═════ Material for this task

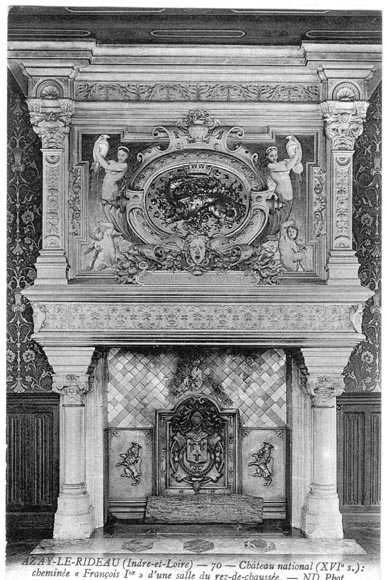 Monumental antique Neo-Renaissance style stone mantel coming from the Chateau of Montgeon_ru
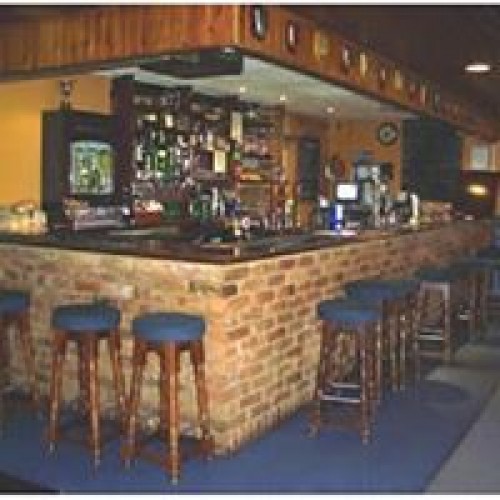 Farnham Common Sports Club, Farnham Common Sports Club, One Pin Lane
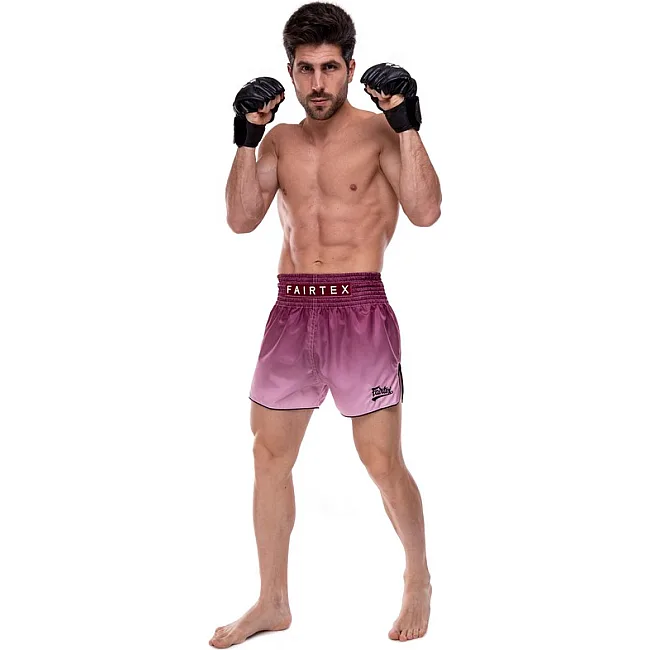 Шорти для кікбоксингу
 FAIRTEX BS1904 BLACK/WINE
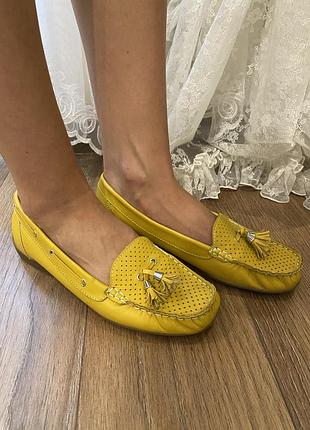 Нові мокасини , розмір: 37( 37,5) довжина устілки : 24,2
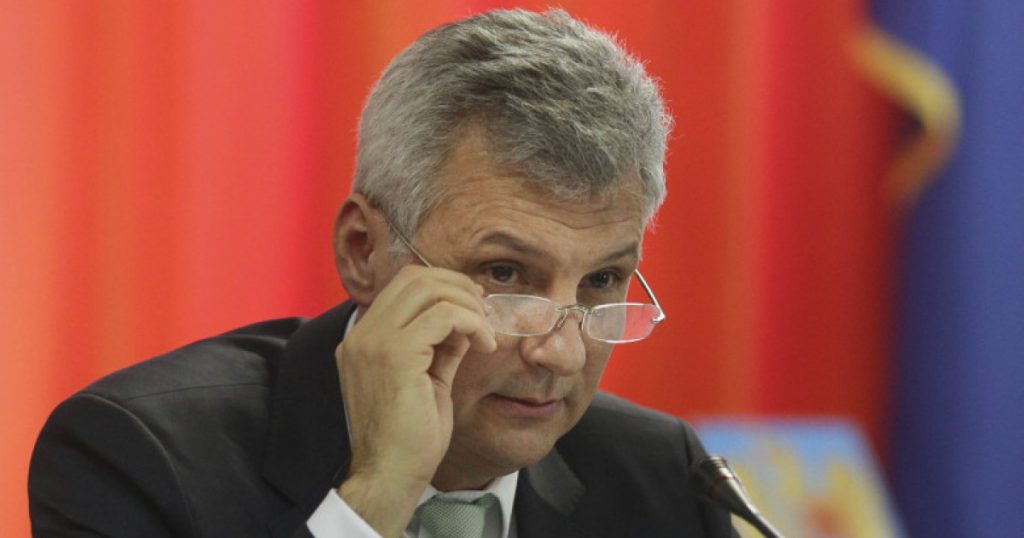 Strategii Politice Tăcute: Alianța Clandestin între PNL și AUR pentru Alegeri Anticipate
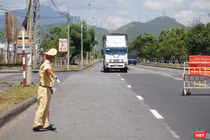 Chốt kiểm soát dịch liên ngành tại khu vực đường Tạ Quang Bửu (quận Liên Chiểu), TP Đà Nẵng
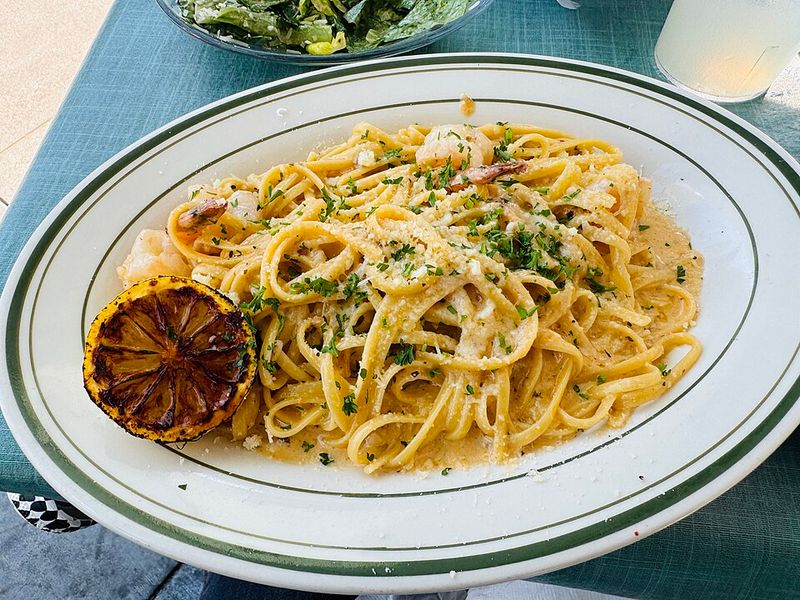 Lemon Shrimp Linguine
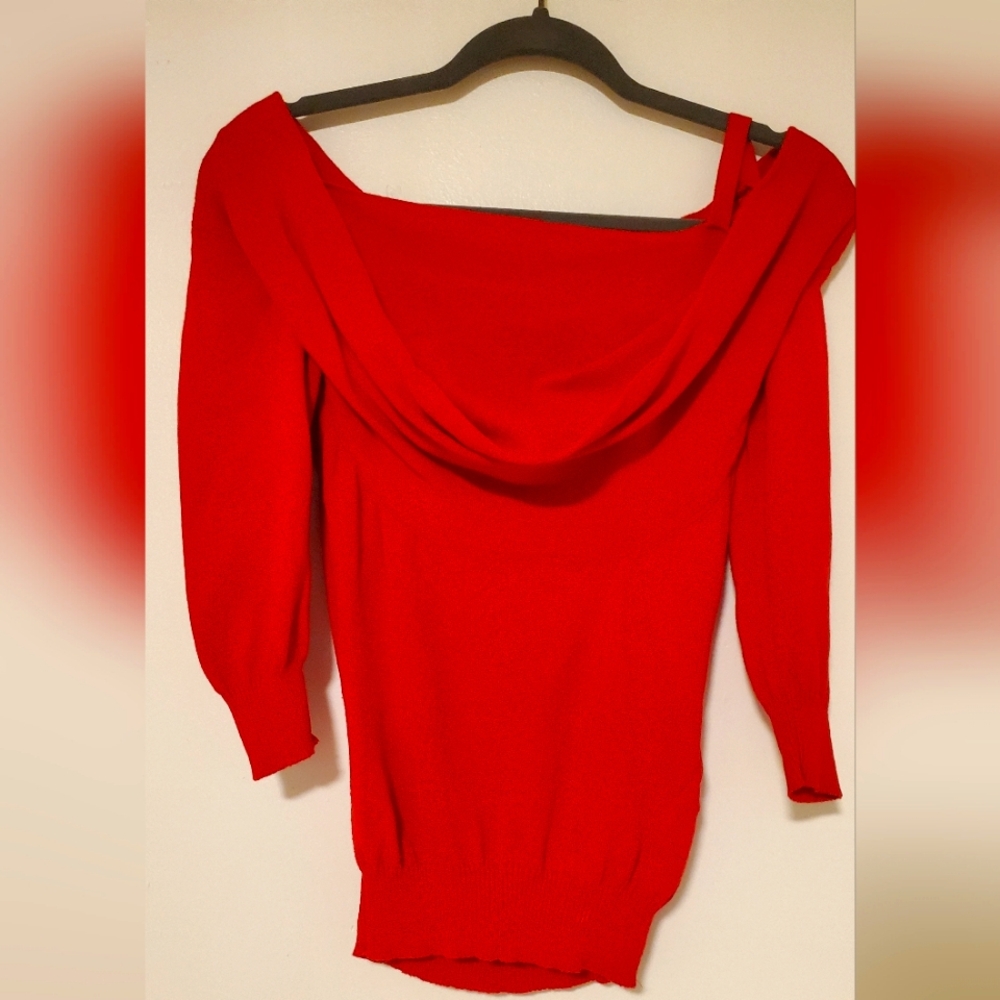 SISLEY RED SWEATER WITH HOOD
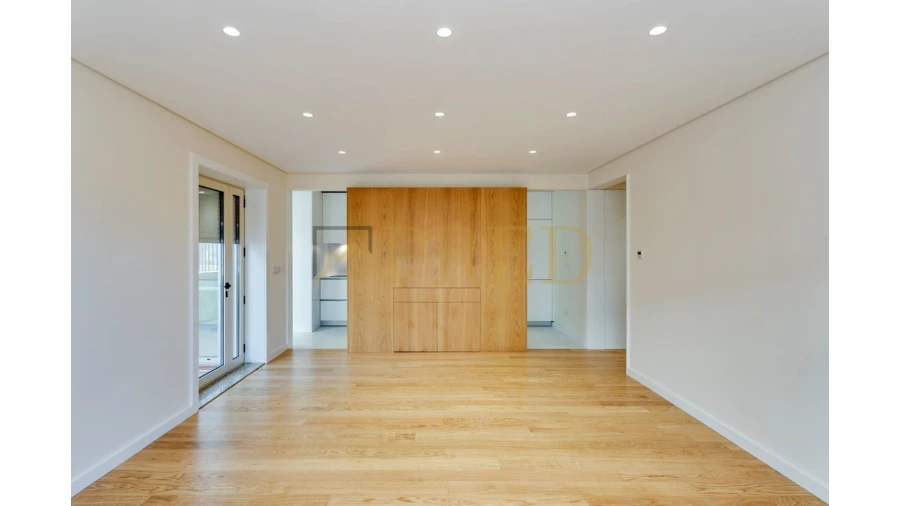 Apartamento T3 para Venda em Lordelo do Ouro e Massarelos Foto 2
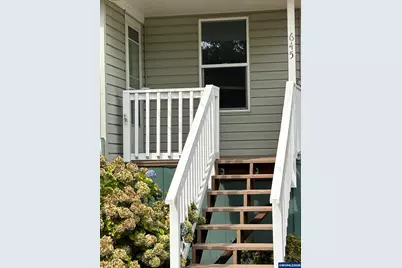 645 East Thornton Lake Dr NW, Albany, OR 97321 - Photo 2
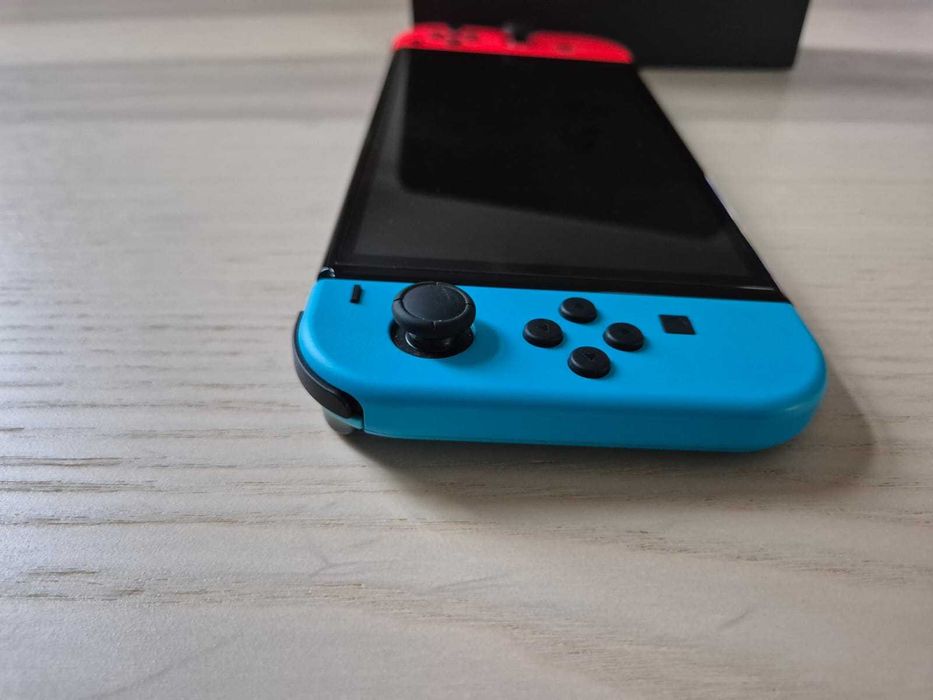 Nintendo Switch OLED + Bolsa de Transporte + Jogo "Hogwarts Legacy"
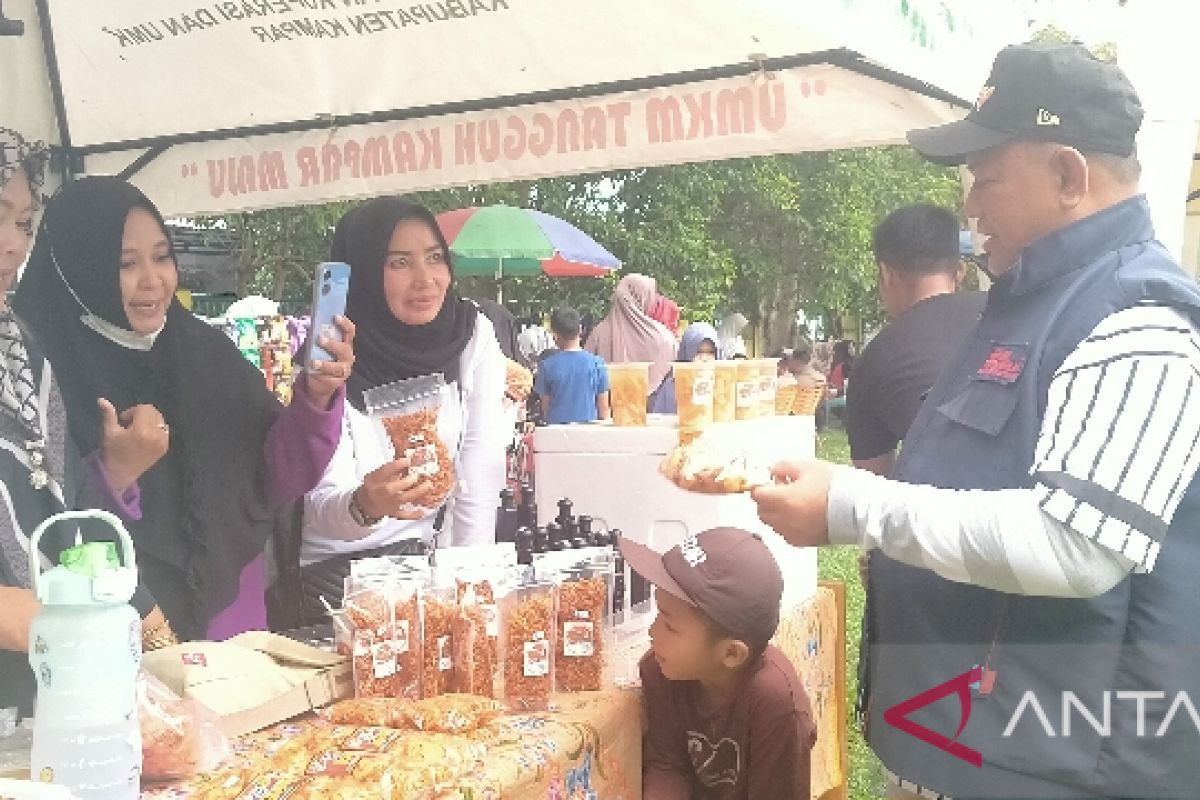 Lado Podeh Qinang laris manis di HUT Korpri Kampar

══════════

◆ Task item
In your copy of the listing above, every line must match exactly and no picture may appear.

◆ Answer for the task
 Monumental antique Neo-Renaissance style stone mantel coming from the Chateau of Montgeon_ru
 Farnham Common Sports Club, Farnham Common Sports Club, One Pin Lane
 Шорти для кікбоксингу
 FAIRTEX BS1904 BLACK/WINE
 Нові мокасини , розмір: 37( 37,5) довжина устілки : 24,2
 Strategii Politice Tăcute: Alianța Clandestin între PNL și AUR pentru Alegeri Anticipate
 Chốt kiểm soát dịch liên ngành tại khu vực đường Tạ Quang Bửu (quận Liên Chiểu), TP Đà Nẵng
 Lemon Shrimp Linguine
 SISLEY RED SWEATER WITH HOOD
 Apartamento T3 para Venda em Lordelo do Ouro e Massarelos Foto 2
 645 East Thornton Lake Dr NW, Albany, OR 97321 - Photo 2
 Nintendo Switch OLED + Bolsa de Transporte + Jogo "Hogwarts Legacy"
 Lado Podeh Qinang laris manis di HUT Korpri Kampar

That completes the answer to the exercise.